A radical Aboriginal campaigner who attended a rally backing an Indigenous Voice to Parliament on Sunday (pictured) has pointed out a glaring problem with such marches – there were few Indigenous people at them

Shillingsworth recorded a video of the rally and spoke to the camera as residents marched behind him at Redfern on the weekend.

‘As you can see this is the Yes campaign,’ he said.

‘What we’re currently seeing is all these nice non-Indigenous people thinking they have the right to say for First Nations people.

‘Now vice versa we know that First Nations people would never ever think about having a say over non Indigenous people.’

On September 4, Shillingsworth was found guilty of aiding and abetting arson by coordinating protesters, directing someone to conceal cameras and linking with other protesters to stop police from extinguishing a fire at Old Parliament House. 

The blaze, on December 30, 2021, caused $5.3 in damage after being deliberately lit. 

The prosecution alleged the day before the incident Shillingsworth, 32, encouraged people to ‘make a stand’ and ‘come here and let’s knock this door down’. 

Social media footage shown in court showed him on the portico of the building delivering an emotive speech to fellow protesters.

‘We can break down any door. Doors of injustice. Doors of genocide. Doors that they take our children and hide ’em behind,’ he could be heard saying.

In another video from December 29, 2021, Shillingworth made reference to the ‘eviction papers’ the group posted on the doors of Old Parliament House.

‘We served that notice. An immediate notice of eviction… We tell them they must move out immediately,’ he said in the video, played to the court.

In CCTV and body camera footage from December 30, Shillingsworth was identified as part of the crowd blocking police attempts to reach the fire.

Shillingsworth, who had pleaded not guilty, argued the events of the day were simply a cultural ceremony.

On September 4, Bruce Shillingsworth (pictured) was found guilty of aiding and abetting arson by coordinating protesters, directing someone to conceal cameras and linking with other protesters to stop police from extinguishing a fire at Old Parliament House

On September 4, Bruce Shillingsworth (pictured) was found guilty of aiding and abetting arson by coordinating protesters, directing someone to conceal cameras and linking with other protesters to stop police from extinguishing a fire at Old Parliament House

‘What we wanted to do was go in there and smoke that place out,’ he said.

‘(A) smoking ceremony is a cleansing process. It’s to cleanse out the bad spirits. Trust me there are a lot of bad spirits in that place.
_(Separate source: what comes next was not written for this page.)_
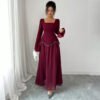 Square Neck Flare Long Sleeve Pearl Trim Waist Maxi Formal Evening Dress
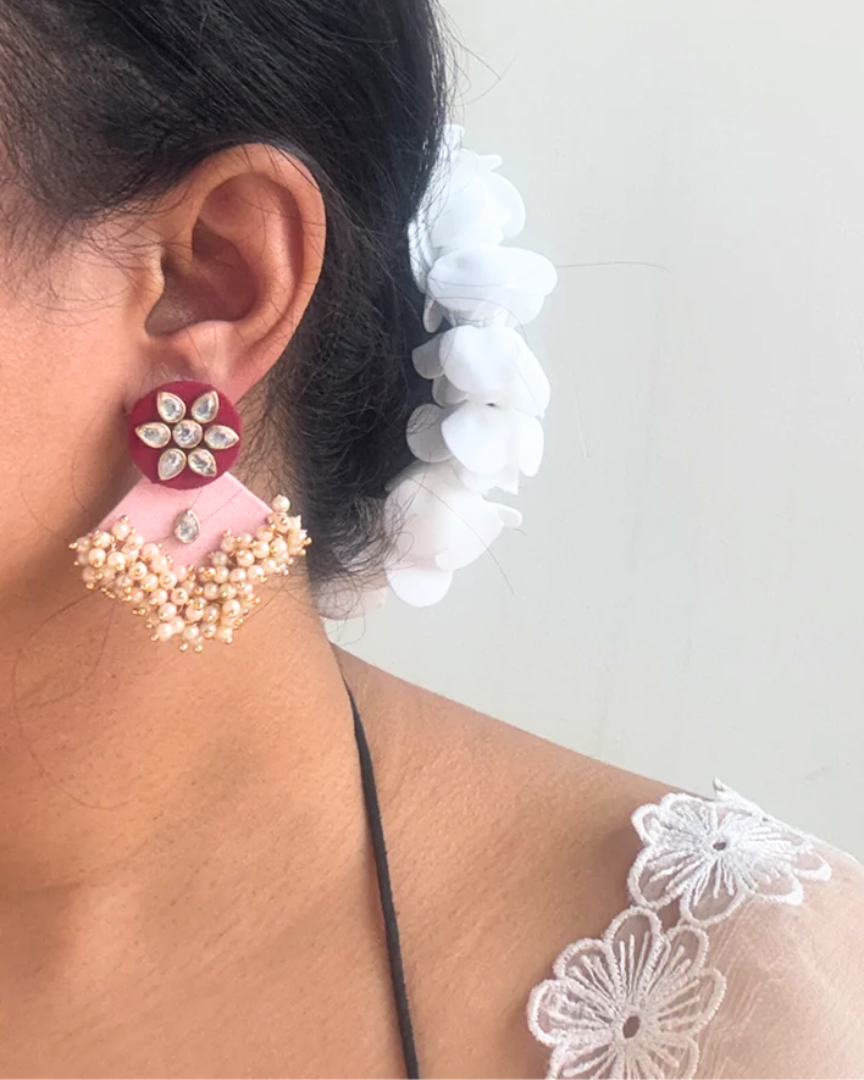 Mohey Rang De Fabric Earrings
That’s where they made those decisions to kill my people.’

The convicted criminal, who is also known for wearing a fake police uniform that is very similar to the actual NSW police uniform, will return to court on October 26 to be sentenced. 

He claims his made-up police force, which he calls ‘Tribal Lore Enforcement’, will ‘take control through power, jurisdiction and authority of tribal lands’. 

Indigenous politicians and elders addressed many of the 40 rallies that took place across Australia over the weekend.

In Melbourne, Indigenous Australians Minister Linda Burney told the 30,000 attendees it was ‘truly overwhelming to look out over this crowd and see you.’ 

‘To know where your hearts are, to know where your spirit lives. And that you, like us, want to embrace this opportunity to move this country forward together,’ she said.

‘For 65,000 years, Aboriginal and Torres Strait Islander people have been speaking 363 languages, but no voice. In 27 days, you have the power to do something about it.’

In Canberra, Ngunnawal elder Aunty Violet Sheridan said the referendum was not about politics, but ‘respect and justice’.

‘Let’s ensure that our stories, our land, our voices are respected and valued,’ she said.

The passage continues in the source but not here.